From a conversation we had today, that got heated. This sums up her thoughts, on paper I'm a good husband, but am I the right one for her she doesn't know. She's on a path of self discovery, can't nor won't have an answer till January do to the fact she'll have a job and won't be in school so she can rest assured that her decision comes from the thought she could support herself if worse comes to worse. She's not actively pursuing anyone other than herself. Along with shes doing this not to spite me or hurt me, that's it's been years building up, but she can't decide basically if it's her issues alone, or issues with the marriage. I've already talked to the kids and laid it out instead of it being some big surprise to them, of course only the oldest knows truly the problem at hand. I'll be in touch with the necessary people starting tomorrow.


----------



## Sfort

travislandes63 said:


> From a conversation we had today, that got heated. This sums up her thoughts, on paper I'm a good husband, but am I the right one for her she doesn't know. She's on a path of self discovery, can't nor won't have an answer till January do to the fact she'll have a job and won't be in school so she can rest assured that her decision comes from the thought she could support herself if worse comes to worse. She's not actively pursuing anyone other than herself. Along with shes doing this not to spite me or hurt me, that's it's been years building up, but she can't decide basically if it's her issues alone, or issues with the marriage. I've already talked to the kids and laid it out instead of it being some big surprise to them, of course only the oldest knows truly the problem at hand. I'll be in touch with the necessary people starting tomorrow.

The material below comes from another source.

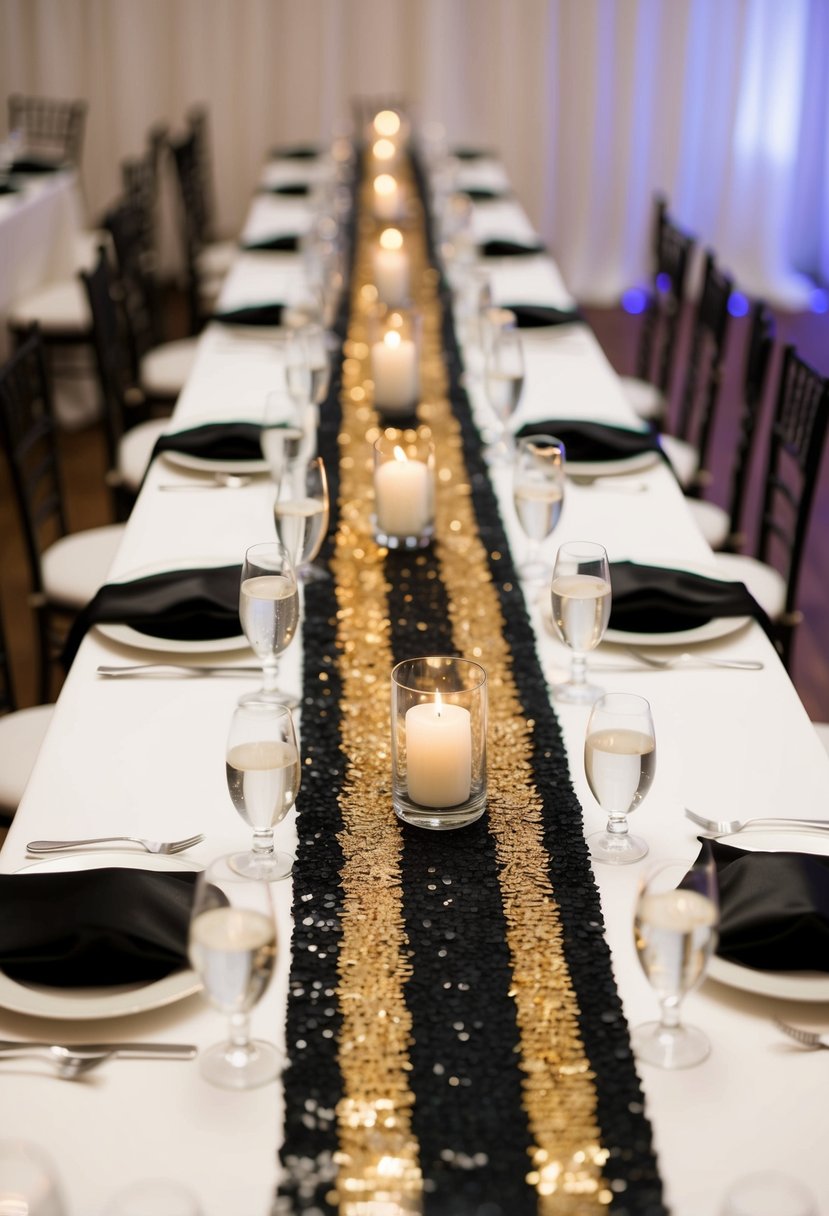 Black and gold sequin runners adorn a wedding reception table, shimmering in the soft light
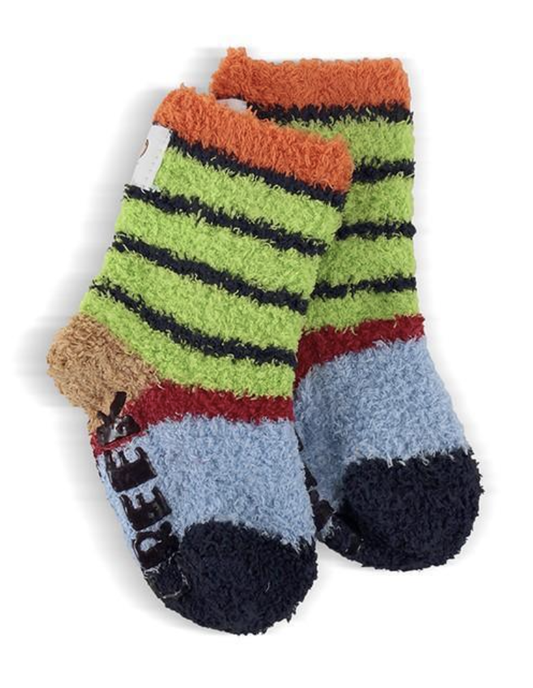 Jefferies Socks Unicorn and Rainbow Fuzzy Non-Skid Slipper Socks 2 Pair Pack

What a load of bovine excrement.


----------



## Dictum Veritas

travislandes63 said:


> From a conversation we had today, that got heated. This sums up her thoughts, on paper I'm a good husband, but am I the right one for her she doesn't know. She's on a path of self discovery, can't nor won't have an answer till January do to the fact she'll have a job and won't be in school so she can rest assured that her decision comes from the thought she could support herself if worse comes to worse. She's not actively pursuing anyone other than herself. Along with shes doing this not to spite me or hurt me, that's it's been years building up, but she can't decide basically if it's her issues alone, or issues with the marriage. I've already talked to the kids and laid it out instead of it being some big surprise to them, of course only the oldest knows truly the problem at hand. I'll be in touch with the necessary people starting tomorrow.


Translation:
She wants to do whatever and whomever she wants and live the single life behind your back but have you waiting in the wings to clean up her crap should she fail to successfully find a new guy and monkey-branch.

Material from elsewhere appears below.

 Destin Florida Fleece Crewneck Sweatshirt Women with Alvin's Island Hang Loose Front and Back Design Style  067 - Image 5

I say if she wants to act single, make her single. Cut off all of the support you give to her now, all off it, financial and emotional, file for divorce and make her live the single life she wants as a single person.


----------



## DudeInProgress

travislandes63 said:


> From a conversation we had today, that got heated. This sums up her thoughts, on paper I'm a good husband, but am I the right one for her she doesn't know. She's on a path of self discovery, can't nor won't have an answer till January do to the fact she'll have a job and won't be in school so she can rest assured that her decision comes from the thought she could support herself if worse comes to worse. She's not actively pursuing anyone other than herself. Along with shes doing this not to spite me or hurt me, that's it's been years building up, but she can't decide basically if it's her issues alone, or issues with the marriage. I've already talked to the kids and laid it out instead of it being some big surprise to them, of course only the oldest knows truly the problem at hand. I'll be in touch with the necessary people starting tomorrow.


So does that mean that you’re going to stop operating in her frame, giving her full control of the fate of your marriage with you chasing along like a supplicating puppy - and that you’re actually finally going to take strong decisive action in your own best interest, like a man with dignity and self-respect?


----------



## farsidejunky

She is lying.

On some level, I think you know it, but you want a reason to talk yourself out of the hard path...the right path...so you convince yourself to believe her.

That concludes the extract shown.